Two Statistical Shape Models (SSMs)—one for each bone, were developed. To train the models, code was utilised from Nolte et al.23 that analyses the variation in geometry across a population of 3D models and reduces the dimensionality down to a controllable number of ‘principal components’. As an example, these could include the spacing between femur condyles or the tibia plateau angle. Further detail on the development of SSMs for use with knee X-ray images is outlined in24,25. The SSMs developed for the femur and tibia in this study were trained using 90 and 96 3D models respectively. These comprised of left bones, as well as right bones after horizontal transformations were applied. To create 3D predictions of subjects’ bones, the contour stacks generated were aligned to the base shapes of each SSM model using a ridged Iterative-Closest-Point (ICP) method (Fig. 1g). An optimisation algorithm was then used to morph the SSM base shapes to best fit the contour stacks and produce 3D surface model predictions (Fig. 1h). To obtain accurate global predictions, but ignore imperfections such as osteophytes and holes, the number of principal components used to morph the SSMs was limited to two. Furthermore, the SSM base shapes were ‘idealised’ and smoothed so outputted models were suitable for use in designing custom implants. This approach is consistent with Burge et al.12,13.

Custom implant design

Figure 3 illustrates the major stages of the generic TKR femur component (top row) and tibia plate (bottom row) design process, enabled via Application Programming Interface (API) Python scripts interfacing with the software FreeCAD26. For femur components, subjects’ 3D surface model predictions were converted to solid bodies (Fig. 3a). Then predefined operations were applied to cut the model to the implant shape in both the anterior–posterior (Fig. 3b), and medial–lateral (Fig. 3c) views. Finally, features such as fixation pins were extruded, and fillets/chamfers added (Fig. 3d). The operations were scaled to work for individuals based on maximum condylar anterior–posterior and medial–lateral measurements captured by the pipeline. To design tibia plates, a 2D cross-section was taken 2 mm below the widest point of the medial condyle on each subject’s 3D model predictions from a plane created parallel with the surface of the tibia plateau13 (shown in Fig. 3a). This was utilised as the base profile for the component and was extruded to a thickness of 5 mm (Fig. 3b). Features were cut for interfacing with a polyethylene bearing component and at the posterior of the plate (Fig. 3c). A fixation pin was then extruded, and fillets/chamfers added (Fig. 3d).

Figure 3
figure 3

Automatic custom femur component (top row) and tibia plate (bottom row) design process. Femur—(a) load 3D model prediction, (b) add anterior–posterior cuts, (c) add medial–lateral cuts, (d) add pins, fillets, and chamfers. Tibia—(a) extract 2D profile from 3D model prediction, (b) extrude profile, (c) add bearing connection and posterior cuts, (d) add pin, fillets, and chamfers.

Performance metrics

Three metrics were used to evaluate pipeline performance. The accuracy of the CT-3D model predictions was assessed by calculating the surface-surface Root Mean Squared Error (RMSE) of subjects’ model predictions compared to reference models. For this analysis, the 3D segmented models supplied with the KISTI data set were regarded as ground truth. The RMSE calculation was performed after aligning the two models in 3D space using a rigid ICP method. Equation (1) details the RMSE calculation performed where N was the number of points and \({x}_{i}-{\widehat{x}}_{i}\) was the Euclidian distance between points on the two model surfaces within the condylar regions.
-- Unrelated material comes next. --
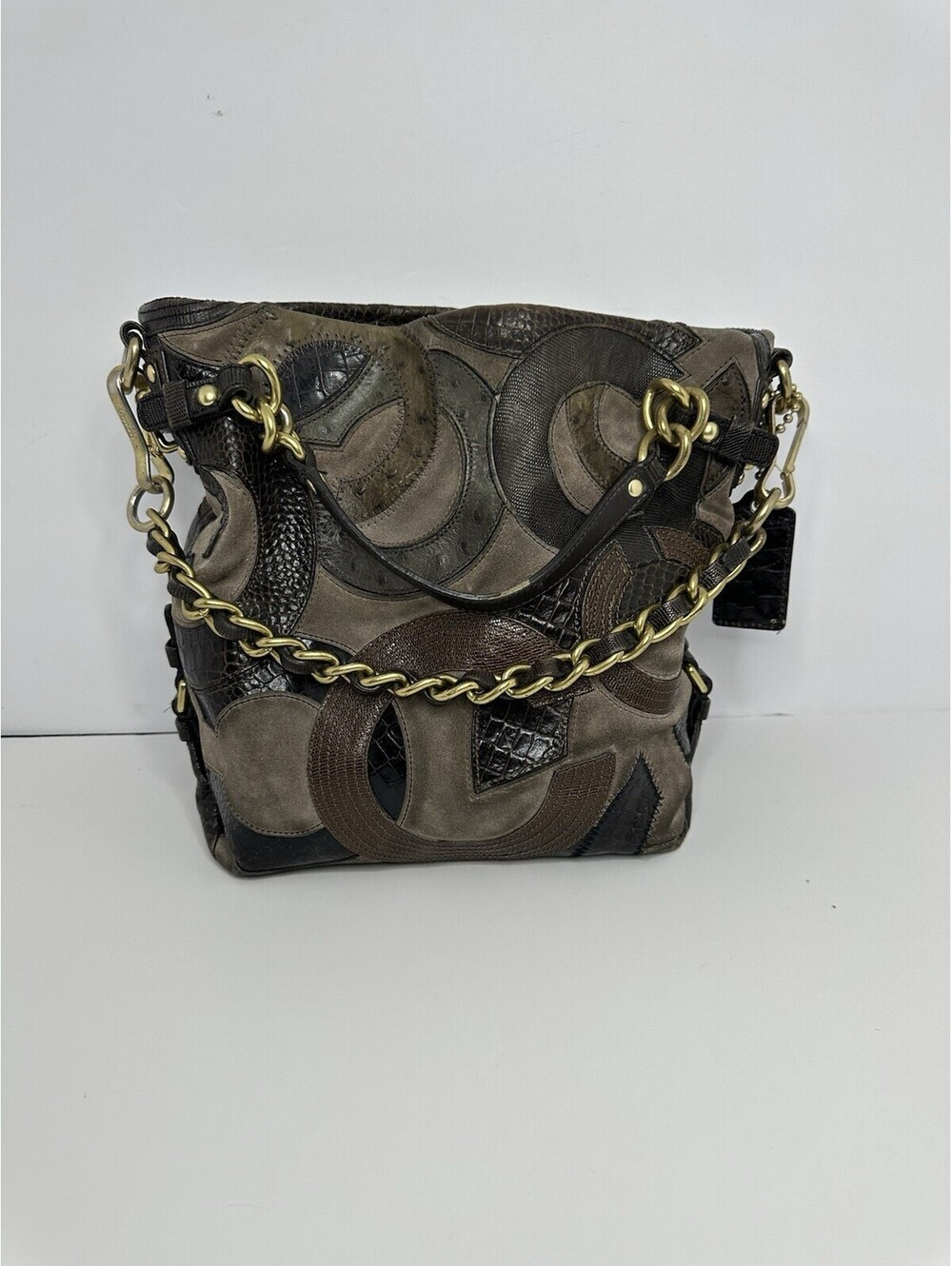 Vintage Coach Brooke Large Shoulder Bag W/ Inlaid C Leather Suede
$$RMSE= \sqrt{\frac{{\sum }_{i=1}^{N}{({x}_{i}-{\widehat{x}}_{i})}^{2}}{N}}$$

The femur and tibia plate components generated by the pipeline were also aligned to the ground truth models via rigid ICP transformations and RMSEs calculated. For femur components, the 3D surface of the implant (without fixation pins) was used. For tibia plates, the RMSE calculation was performed between the 2D base profile extracted from the 3D model prediction (like in Fig. 3a), and an equivalent profile taken at the same point on the ground truth model. This approach was used for the tibia plate as it only interfaces with the resected tibia bone on one face. The 3D surface model prediction and component to ground truth RMSE calculations are illustrated in Fig. 4 as distance heatmaps.

Figure 4
figure 4

Distance heat maps for the femur (top row) and tibia (bottom row). (a) CT-3D model predictions and (b) custom components, both compared to ground truth models.
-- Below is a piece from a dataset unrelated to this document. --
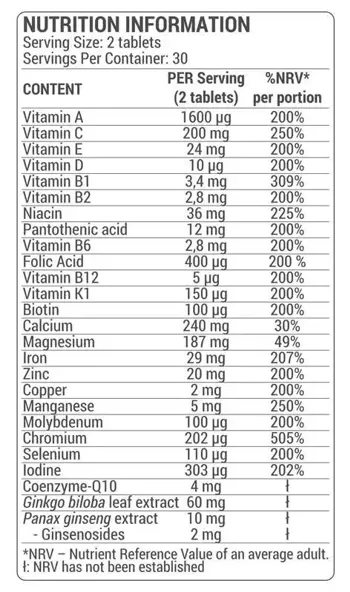 Dorian Yates Nutrition Multivitamin Complex Дневни Мултивитамини - 60 таблетки, 30 дози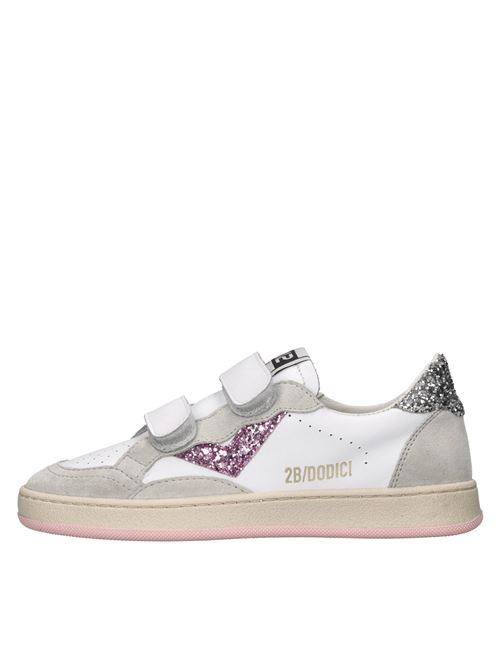 Sneakers in pelle camoscio e glitter 2B12 | BABY.PLAY-85BIANCO-ROSA-ARGENTO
To provide a more clinical fit metric, the maximum Over or Under Hang (OUH) between the edges of custom implant components and the bone after resection was evaluated. Excessive OUH has been shown to lead to complications post-surgery, such as tissue irritation and instability. Generally, ≥ 3 mm OUH is regarded as significant and used as a threshold27,28. In this analysis, maximum OUH was reported as the Hausdorff distance (h) anywhere between the edges of the component (C) and the edges of the resected bone (B), with the distance (d) between each point pairing (c and b) calculated as the Euclidian distance. The calculation is described by Eq. (2) and illustrated in Fig. 5.

Figure 5
figure 5

Calculation of the maximum OUH for the femur component (top row) and tibia plate (bottom row). (a) Implant components, (b) component edges, (c) component edges compared to ground truth geometry and identification of maximum OUH.
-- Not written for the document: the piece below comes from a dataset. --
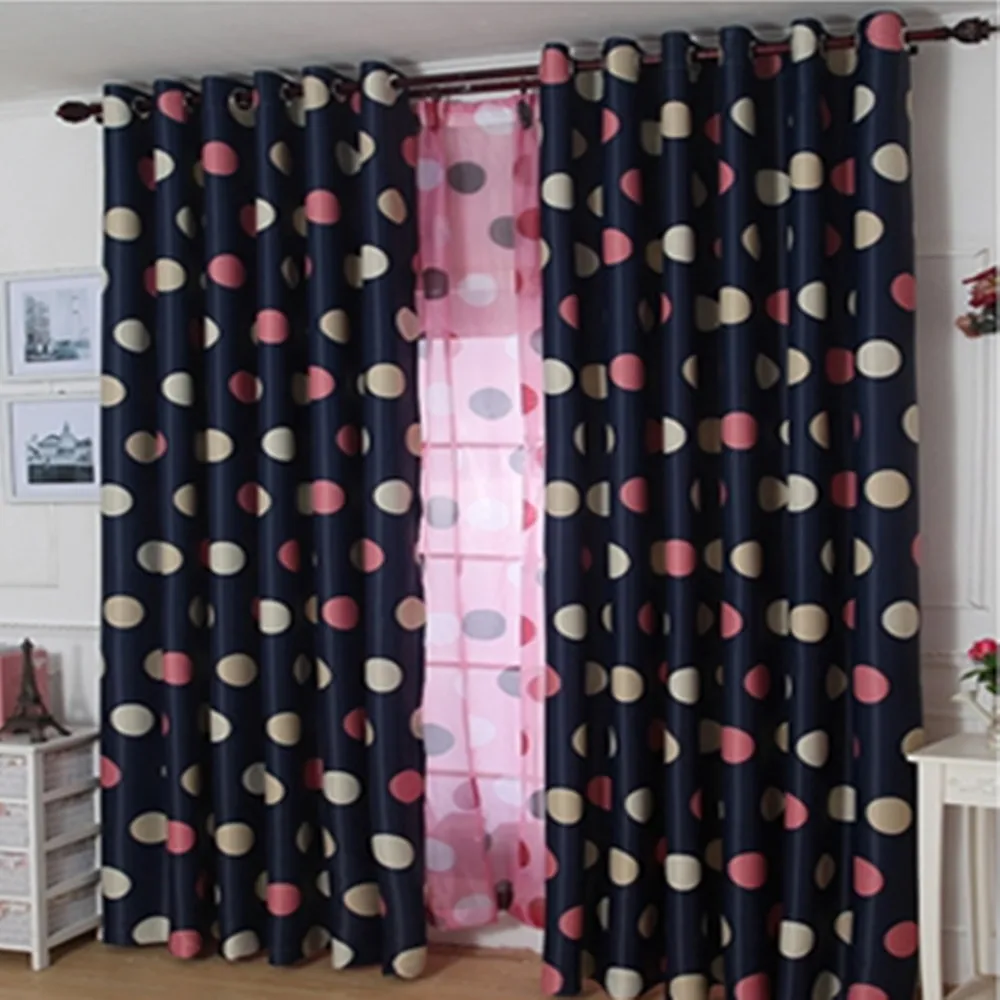 

1 Panel Princess Pink Blue Round Dot blackout curtains Boy Girls Kids bedroom Curtain living room Sheer Tulle curtains AA8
$$h(C,B)= {max }_{\mathrm{c }\in {\mathrm{ C}}} \{ {min}_{{\mathrm{ b} }\in {\mathrm{ B}}} \{ d(c,b)\}\}$$

Statistical analysis

For statistical analysis, two-sample t-tests were utilised to evaluate differences in means between test subject attribute pairs, such as the performance of males vs. females. T tests were adopted over analysis of variance (ANOVA) as there is a lower chance of error and only a limited number of attribute pairs were assessed. Data was confirmed to be approximately normally distributed using quantile–quantile plots and outliers were removed before performing statistical tests. p values ≤ 0.05 were considered statistically significant throughout.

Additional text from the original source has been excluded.